**Work to complete**
In the entries below, begin at the line that has "For most models, Bobcat", stop after the line that has "The sample aggregate", and output those lines exactly with no pictures.

**Excerpted records**
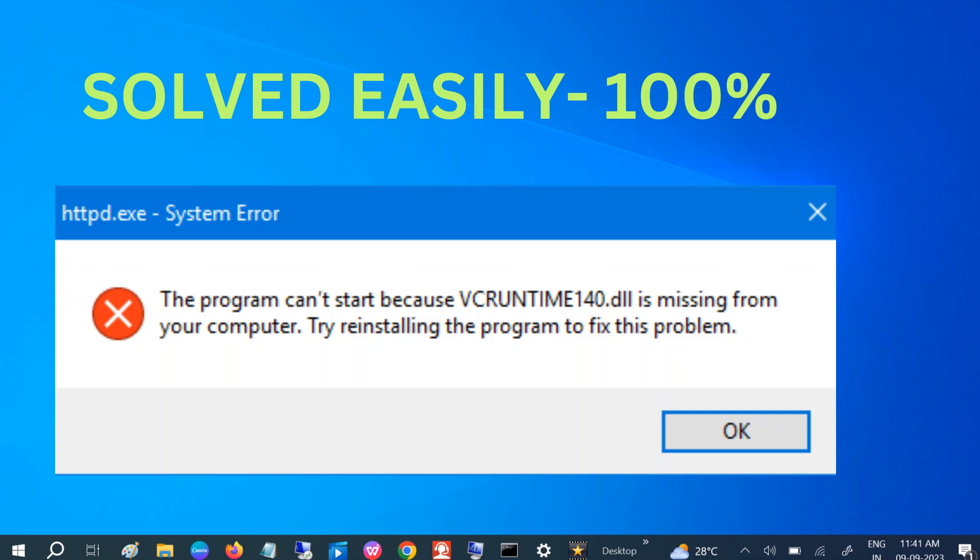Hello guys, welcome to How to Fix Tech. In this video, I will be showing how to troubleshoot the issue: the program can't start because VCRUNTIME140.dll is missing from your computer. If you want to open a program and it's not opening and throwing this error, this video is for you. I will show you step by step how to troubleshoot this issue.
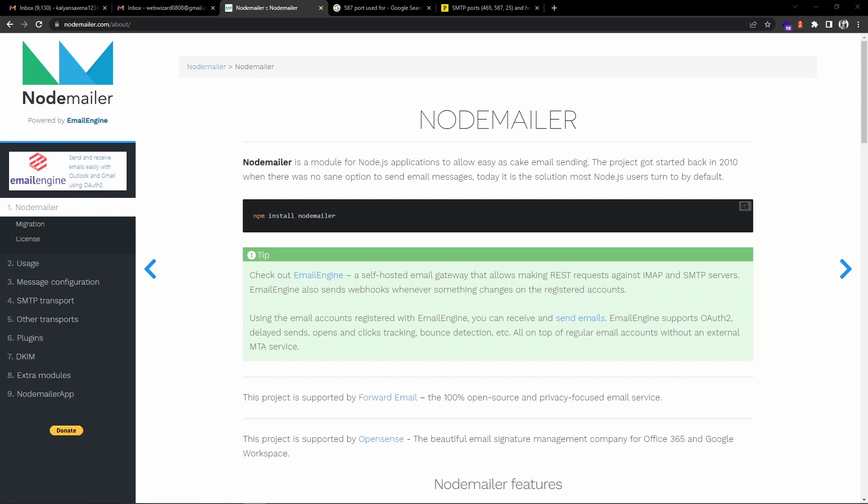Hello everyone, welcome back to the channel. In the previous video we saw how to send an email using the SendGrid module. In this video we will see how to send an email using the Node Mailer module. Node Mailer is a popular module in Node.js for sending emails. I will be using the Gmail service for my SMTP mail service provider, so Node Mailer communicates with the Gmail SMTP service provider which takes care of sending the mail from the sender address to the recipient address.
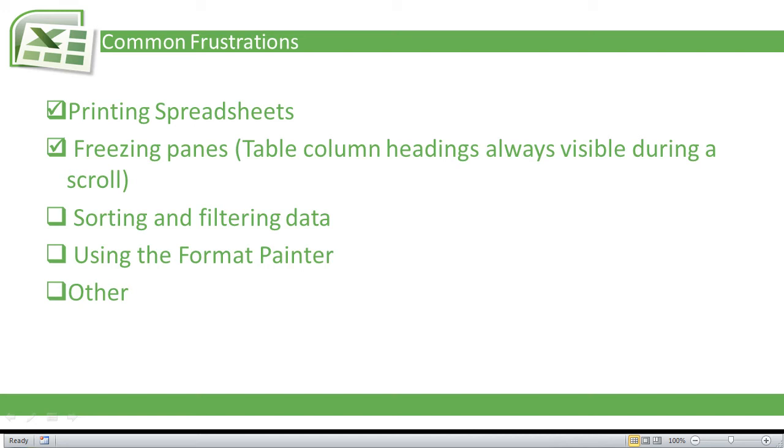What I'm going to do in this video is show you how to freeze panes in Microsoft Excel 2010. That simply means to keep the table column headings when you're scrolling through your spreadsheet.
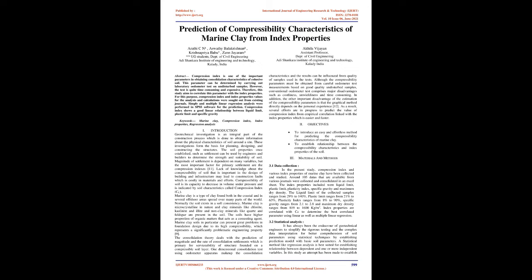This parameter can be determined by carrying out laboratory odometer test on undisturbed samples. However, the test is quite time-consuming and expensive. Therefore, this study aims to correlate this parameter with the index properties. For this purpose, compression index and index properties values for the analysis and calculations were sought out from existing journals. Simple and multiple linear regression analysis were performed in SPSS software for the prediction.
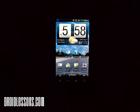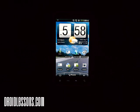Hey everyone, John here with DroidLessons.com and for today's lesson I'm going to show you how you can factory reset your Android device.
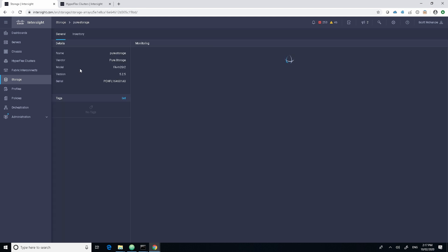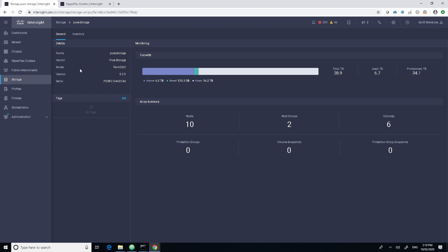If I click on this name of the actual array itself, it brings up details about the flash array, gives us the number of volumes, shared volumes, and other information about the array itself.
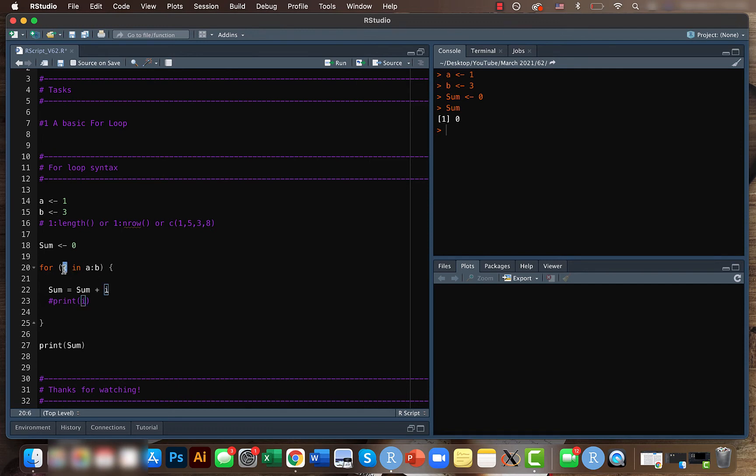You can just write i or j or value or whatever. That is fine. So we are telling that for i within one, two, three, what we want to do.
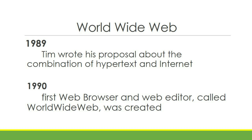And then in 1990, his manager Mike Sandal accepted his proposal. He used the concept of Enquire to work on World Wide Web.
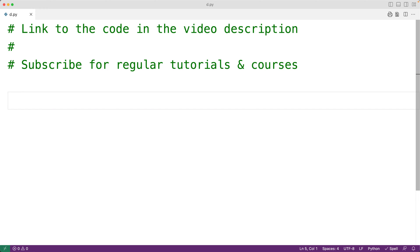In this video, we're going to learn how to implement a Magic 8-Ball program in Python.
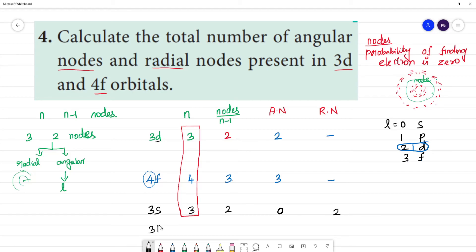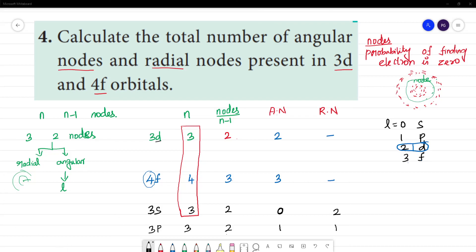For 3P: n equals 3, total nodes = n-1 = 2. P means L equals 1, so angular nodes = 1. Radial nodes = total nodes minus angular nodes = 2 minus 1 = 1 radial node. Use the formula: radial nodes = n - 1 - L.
...
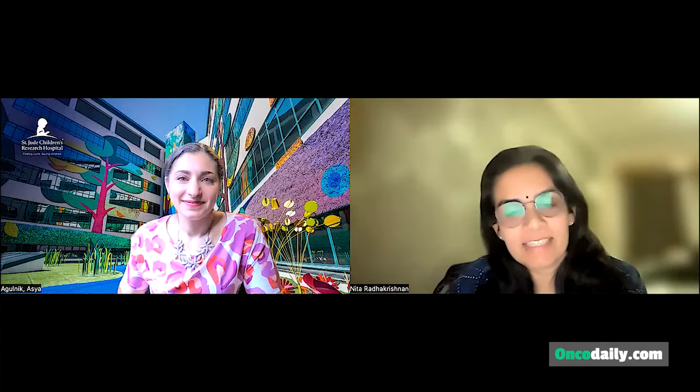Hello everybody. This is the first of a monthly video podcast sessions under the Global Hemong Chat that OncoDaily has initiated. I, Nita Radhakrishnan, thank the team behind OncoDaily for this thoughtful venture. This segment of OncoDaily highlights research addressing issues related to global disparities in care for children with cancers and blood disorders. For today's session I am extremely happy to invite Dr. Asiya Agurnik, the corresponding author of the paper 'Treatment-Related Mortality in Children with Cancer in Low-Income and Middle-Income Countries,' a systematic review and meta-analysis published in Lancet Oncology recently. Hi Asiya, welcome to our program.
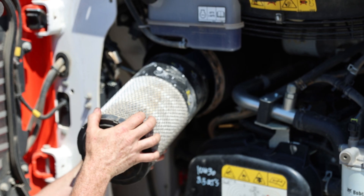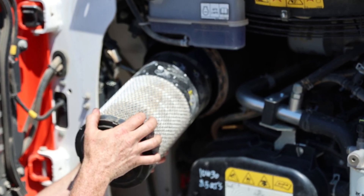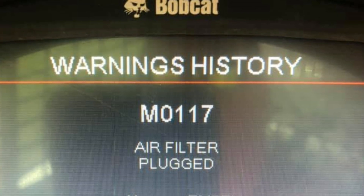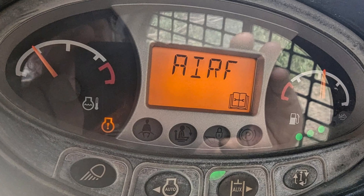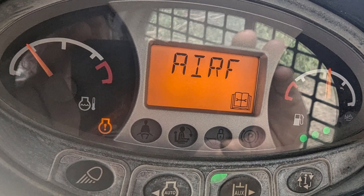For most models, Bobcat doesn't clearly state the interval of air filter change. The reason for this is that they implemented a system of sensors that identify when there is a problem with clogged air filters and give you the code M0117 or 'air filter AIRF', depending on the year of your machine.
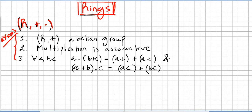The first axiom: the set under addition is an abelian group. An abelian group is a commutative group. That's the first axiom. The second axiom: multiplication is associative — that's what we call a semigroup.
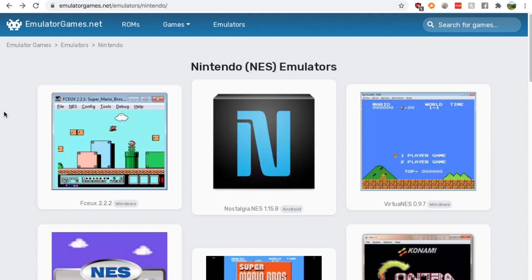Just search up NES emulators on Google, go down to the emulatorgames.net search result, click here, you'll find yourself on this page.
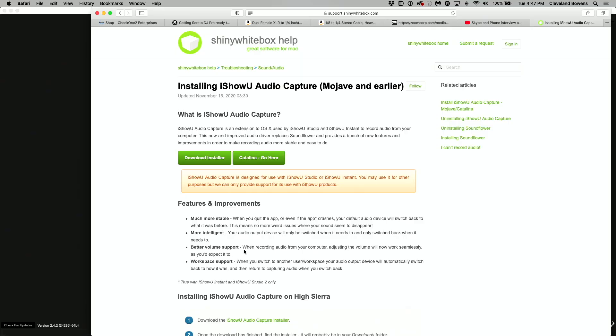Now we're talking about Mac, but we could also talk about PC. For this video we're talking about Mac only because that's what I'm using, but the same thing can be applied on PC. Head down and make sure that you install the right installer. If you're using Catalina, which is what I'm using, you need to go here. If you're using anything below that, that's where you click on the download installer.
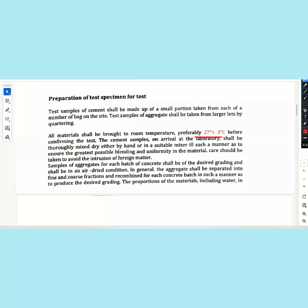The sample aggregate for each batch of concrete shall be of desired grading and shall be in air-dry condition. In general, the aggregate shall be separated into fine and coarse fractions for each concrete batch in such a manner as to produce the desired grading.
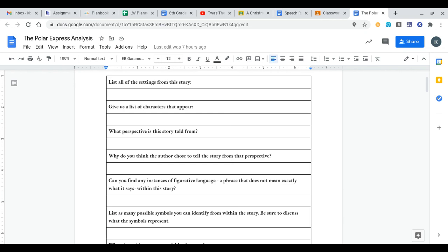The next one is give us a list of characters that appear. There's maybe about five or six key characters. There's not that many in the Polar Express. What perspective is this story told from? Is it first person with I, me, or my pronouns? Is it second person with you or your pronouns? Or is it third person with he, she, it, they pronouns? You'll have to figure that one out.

**Solution to this task**
For most models, Bobcat doesn't clearly state the interval of air filter change. The reason for this is that they implemented a system of sensors that identify when there is a problem with clogged air filters and give you the code M0117 or 'air filter AIRF', depending on the year of your machine.
The first axiom: the set under addition is an abelian group. An abelian group is a commutative group. That's the first axiom. The second axiom: multiplication is associative — that's what we call a semigroup.
Just search up NES emulators on Google, go down to the emulatorgames.net search result, click here, you'll find yourself on this page.
Now we're talking about Mac, but we could also talk about PC. For this video we're talking about Mac only because that's what I'm using, but the same thing can be applied on PC. Head down and make sure that you install the right installer. If you're using Catalina, which is what I'm using, you need to go here. If you're using anything below that, that's where you click on the download installer.
The sample aggregate for each batch of concrete shall be of desired grading and shall be in air-dry condition. In general, the aggregate shall be separated into fine and coarse fractions for each concrete batch in such a manner as to produce the desired grading.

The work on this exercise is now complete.